Did you know that if you transfer your copyright to someone, it may be possible to get it back under your control, at least eventually?
The other day, I read a post from Variety entitled Getting Your Grooves Back: Understanding Copyright Termination. This article makes a great point about how people often don’t know about or forget about powerful right authors have under copyright: the right to terminate licenses and transfers. Unfortunately, however, it is a bit thin on details, and is perhaps not as useful as it could be. So I’m here today to provide a bit more information on how copyright law allows you to end transfers and licenses of your rights after enough time has passed.
There are two sections of copyright law that address the termination of copyright transfers and licenses. First is 17 U.S.C. § 203. This section concerns copyright transfers or licenses of works that have been created since January 1, 1978. Under this section, you can take back your copyright after 35 years, but you have to follow a specific procedure to do so. If you don’t, you will miss your limited opportunity. The law holds that you must give notice to the owner of the transfer or license during a time frame that starts 10 years before when you want to terminate the transfer and ends 2 years before the termination. The termination itself can only take place during a 5 year window, starting 35 years after you made the transfer.
So, how does this work? Well, let’s say that you wrote a song, transferred your copyright to it in 2000, and you have now decided you want to take your copyright back. In this situation, your termination window starts in 2035 and ends in 2040, and you can end the transfer at any point between those dates. Then, to actually do this, you need to send notice to the transferee during a period that starts in 2025 and ends in 2033. Get it?

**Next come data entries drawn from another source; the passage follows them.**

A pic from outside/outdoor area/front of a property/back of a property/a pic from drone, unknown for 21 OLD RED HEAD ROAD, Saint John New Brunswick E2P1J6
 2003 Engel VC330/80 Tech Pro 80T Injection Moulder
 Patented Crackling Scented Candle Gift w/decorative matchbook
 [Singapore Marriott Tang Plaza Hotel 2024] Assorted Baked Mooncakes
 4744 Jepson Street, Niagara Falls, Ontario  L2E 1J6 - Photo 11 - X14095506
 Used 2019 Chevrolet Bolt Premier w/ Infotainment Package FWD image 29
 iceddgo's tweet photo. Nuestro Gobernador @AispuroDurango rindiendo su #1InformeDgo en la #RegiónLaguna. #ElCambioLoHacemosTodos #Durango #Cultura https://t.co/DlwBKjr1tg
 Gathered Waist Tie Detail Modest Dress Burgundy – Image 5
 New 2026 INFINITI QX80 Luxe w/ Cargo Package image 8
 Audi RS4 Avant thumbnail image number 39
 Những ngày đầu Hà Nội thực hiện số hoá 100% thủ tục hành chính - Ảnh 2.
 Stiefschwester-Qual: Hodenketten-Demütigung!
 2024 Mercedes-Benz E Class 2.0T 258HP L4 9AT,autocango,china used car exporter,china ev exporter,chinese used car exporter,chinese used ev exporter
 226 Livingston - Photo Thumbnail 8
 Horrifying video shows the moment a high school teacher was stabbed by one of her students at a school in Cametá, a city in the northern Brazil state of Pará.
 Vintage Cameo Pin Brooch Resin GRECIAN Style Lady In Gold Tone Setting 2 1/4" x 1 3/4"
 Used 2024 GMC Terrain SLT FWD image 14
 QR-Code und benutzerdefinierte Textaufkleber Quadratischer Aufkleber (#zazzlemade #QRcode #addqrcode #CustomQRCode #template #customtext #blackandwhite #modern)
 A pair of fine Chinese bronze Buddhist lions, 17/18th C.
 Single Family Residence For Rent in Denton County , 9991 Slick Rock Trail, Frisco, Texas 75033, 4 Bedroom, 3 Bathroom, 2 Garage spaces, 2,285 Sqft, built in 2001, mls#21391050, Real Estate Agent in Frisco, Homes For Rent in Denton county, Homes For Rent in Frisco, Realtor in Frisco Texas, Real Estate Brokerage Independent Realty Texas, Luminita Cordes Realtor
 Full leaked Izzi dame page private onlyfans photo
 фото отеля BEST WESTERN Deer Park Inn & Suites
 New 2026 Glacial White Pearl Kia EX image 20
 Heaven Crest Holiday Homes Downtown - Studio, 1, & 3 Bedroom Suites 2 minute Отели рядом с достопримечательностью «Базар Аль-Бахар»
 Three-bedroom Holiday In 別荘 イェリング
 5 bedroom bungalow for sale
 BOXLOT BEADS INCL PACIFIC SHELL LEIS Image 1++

Then there are §§ 304(c) and (d), that do basically the same thing for transfers of renewal rights that happened before 1978. To provide some context, before the current law took effect in 1978, copyrights had to be renewed with the Copyright Office after a number of years. If they wanted to, copyright holders could transfer that renewal interest to another person. These sections allow people to terminate renewal transfers that were made before 1978. Section 304(c) allows creators to take their rights back from the holder of the renewal 56 years after the transfer. As before, you must give notice to the holder of the renewal rights between 2 and 10 years before you want to terminate the transfer. Section 304(d) — which exists because Congress extended the duration of copyright in 1998 — applies to works in their renewal period in 1998 but whose termination window had already expired. This provides for termination of the grant in a 5 years window 76 years after the transfer date. So, under these two sections, if you transferred your renewal in 1970, then your notice window opens in 2016 and ends in 2029; your termination window begins in 2026 and ends in 2031. Get it?
If you don’t get it, it’s ok; it’s confusing. Fortunately, Creative Commons has created a little tool that can help you make sense of this.
So why do I think this matters? Why is this worthy of this blog post? Well, the Variety article correctly raises this as a significant power of creators that doesn’t get enough attention. It seems like it’s pretty easy to for creators to find themselves in situations where they transfer their rights under copyright and later regret those decisions. Because of these provisions of copyright law, all hope is not lost. Sure, you need to wait 35 years to get your rights back, but at least this is available to you. So we need to make sure people know about these parts of the law.
However, maybe this issue will get more attention in the next few years. 2013 was the first year for termination of transfers for works produced since 1978, so people have just recently been able to take advantage of these provisions. As more famous works become available for transfer termination, people may start talking about sections 203 and 304 more. Then who knows what’ll happen.